■ **WHAT IS EXPECTED**:
Retype the entries below exactly, dropping the images.

■ **INFORMATION GIVEN**:
-*-
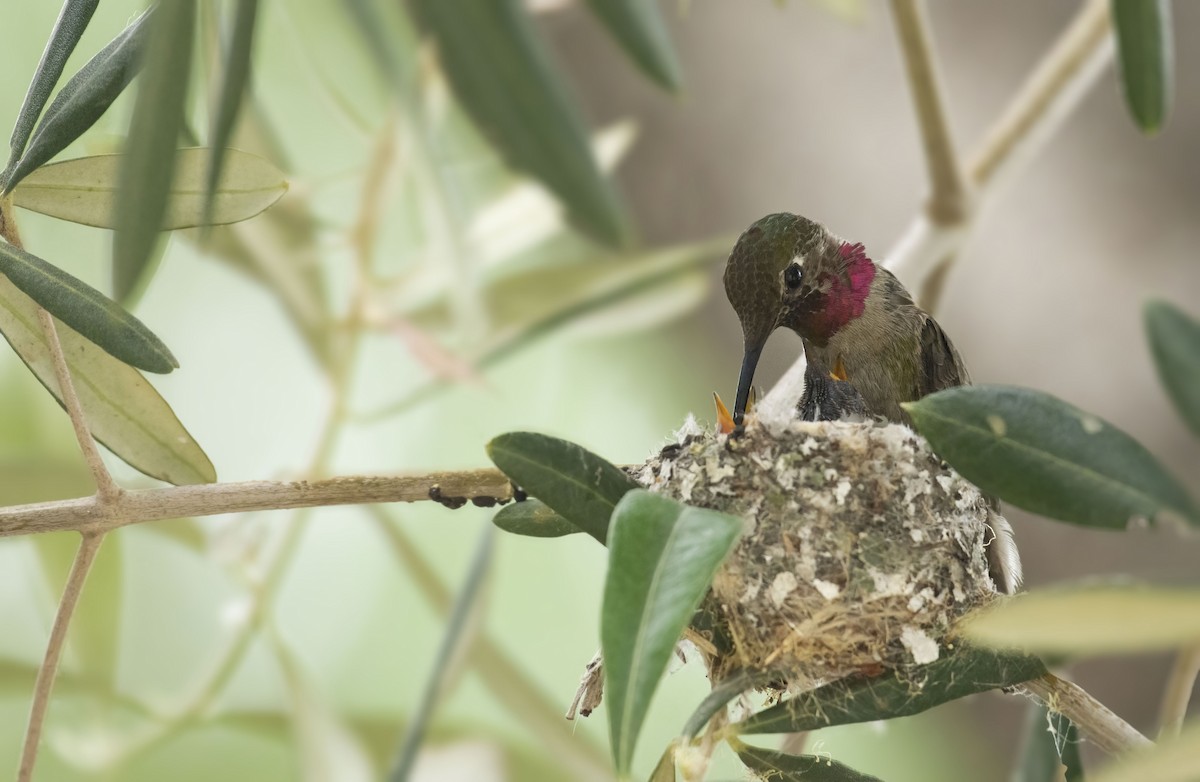 Anna's Hummingbird - Marky Mutchler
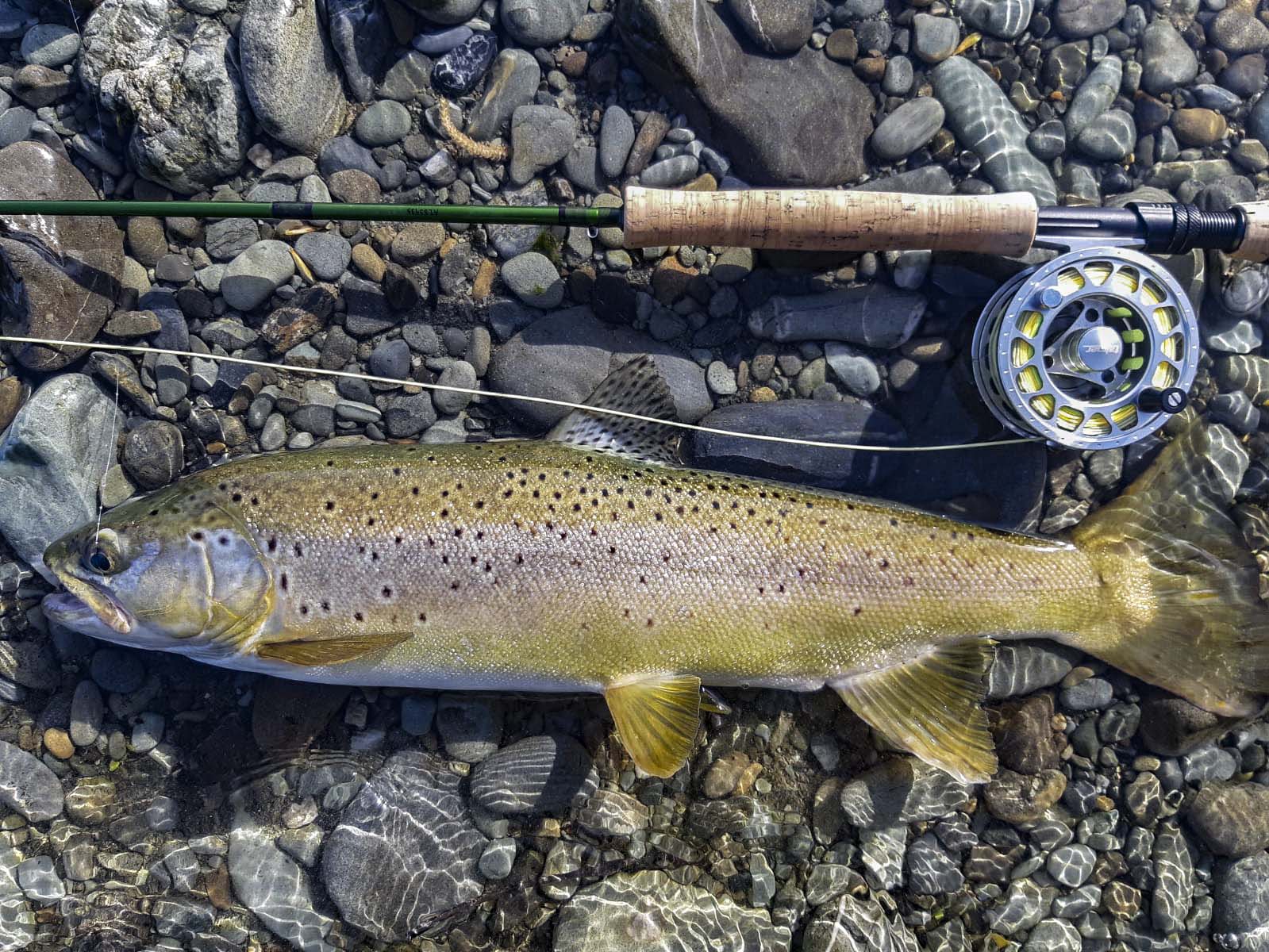 WFR2021.07 A large fish caught during a mayfly hatch in the Opihi River Catchment Credit N Moody 1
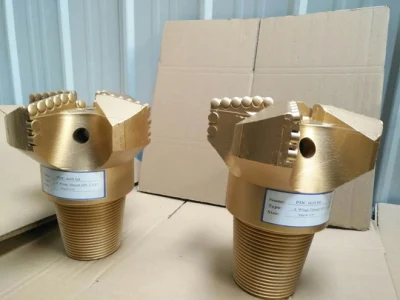 PDC Drill Bit Concave 3 Wings All Kinds of Variety Formation for Water and Oil Well Sharp Cutter Factory Price Made in China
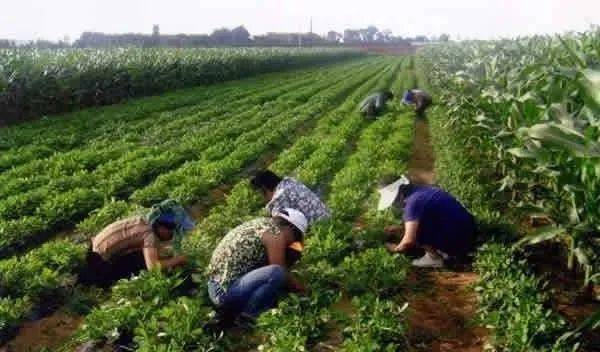 致富经种植亩收入过万_浙江种植致富麦_致富经农村种植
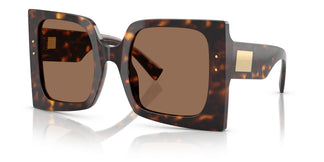 Dolce & Gabbana DG4490 502/73 53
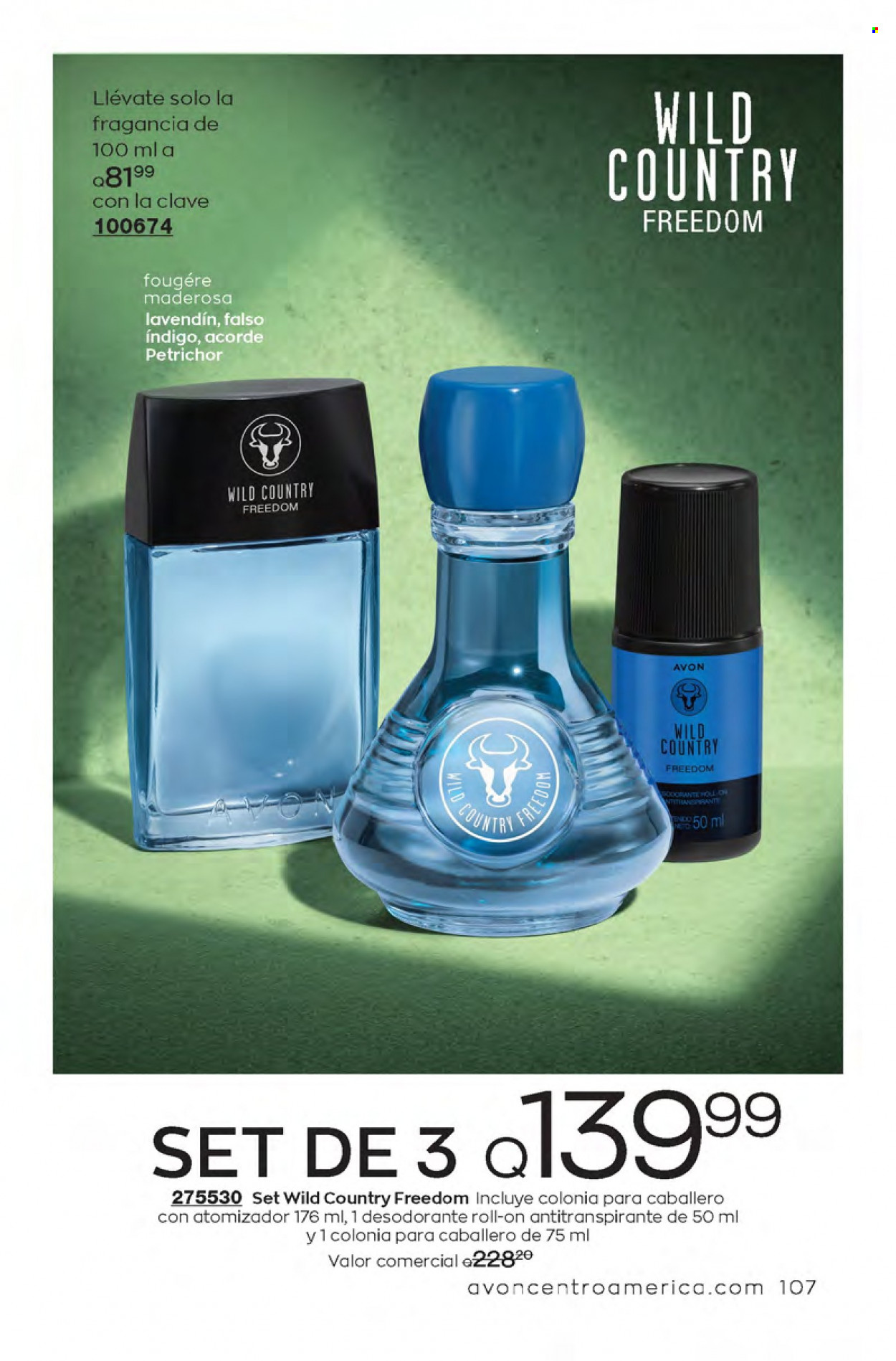 Catálogo Avon. Página 107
-*-
■ **REPLY**:
 Anna's Hummingbird - Marky Mutchler
 WFR2021.07 A large fish caught during a mayfly hatch in the Opihi River Catchment Credit N Moody 1
 PDC Drill Bit Concave 3 Wings All Kinds of Variety Formation for Water and Oil Well Sharp Cutter Factory Price Made in China
 致富经种植亩收入过万_浙江种植致富麦_致富经农村种植
 Dolce & Gabbana DG4490 502/73 53
 Catálogo Avon. Página 107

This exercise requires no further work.